First of all, the writers are clearly big fans of L.A. Confidential. As well they should be. It's a masterpiece. But did they have to be so blatant about it? There are thousands of other books and films from this era that they could've borrowed from. And yet, the typing when you get to the scene of a crime? Stolen from L.A. Confidential. An Irish department head who calls you 'boy-o'? Facepalm.jpeg. I'm sure they borrowed from other stories from the time, but they made a couple of easy thefts from a very obvious source.

So, how is the gameplay?

Combat? What combat? Mash X and A, profit.



I'm not expecting a deep fighting engine, or someone to stop during a fight and yell 'MORTAL KOMBAT!', but it's so base-level, it could've been done on the NES.

Gunplay? Hope you like the 1911. Half the time, you don't even get to go to your trunk to get a better weapon. At this point in the game, I don't even waste the time to go to the trunk because that's just more time I have to spend playing. Again, I'm not expecting Modern Warfare here, but at least be as engaging as the gunplay in previous Rockstar games. This feels like a big step backward.

Street cases? Meh. They're always popping up when I'm in the middle of something more important. Even worse, they're almost all exactly the same, except that one time I saved some dude from jumping off of a tower. Climb to the top of a church, grab the guy, the end. Then I thought, 'What was the point of that?' Oh yeah, I know: Padded game time.

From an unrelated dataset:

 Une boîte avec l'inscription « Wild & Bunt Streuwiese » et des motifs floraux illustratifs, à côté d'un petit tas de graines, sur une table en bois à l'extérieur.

Pic related -- It's me while playing this game.

The framerate is terrible most of the time you're driving or out in the open world. It took Sony 4 1/2 years, but I actually regret buying a game on the Xbox 360. (EDIT: I loaded all three discs onto my hard drive, similar to NIN)

Film reels? I haven't found a single one. Am I doing it wrong? Is there a reason why I should care?

Newspapers? Blah blah blah, bad actor doctor dude, blah blah blah. To quote Stan in the Towelie episode: "Don't care, don't care, don't care."



Lastly, I can't overlook a glaring issue with the story about half-way through the game. I'll keep the spoilers to a minimum, but let's just say that feeling you have that you might be putting the wrong person behind bars? Yeah, it bothered me. And you don't have the option to do any different. For an open world game, I found the lack of freedom in the investigations to be extremely disappointing.

There are plenty of things L.A. Noire does right. The interrogation sequences are strong, even if they're not a step up from the conversation control you have in an action RPG like Mass Effect or even Alpha Protocol. The atmosphere, the look, and the score all are amazing. The mo-cap is fantastic, of course. But those things don't make a great game without the gameplay. I give Rockstar and Team Bondi credit for trying something different, but it would've been a better cable miniseries than a game.

TL;DR -- L.A. Noire is all sizzle and no steak.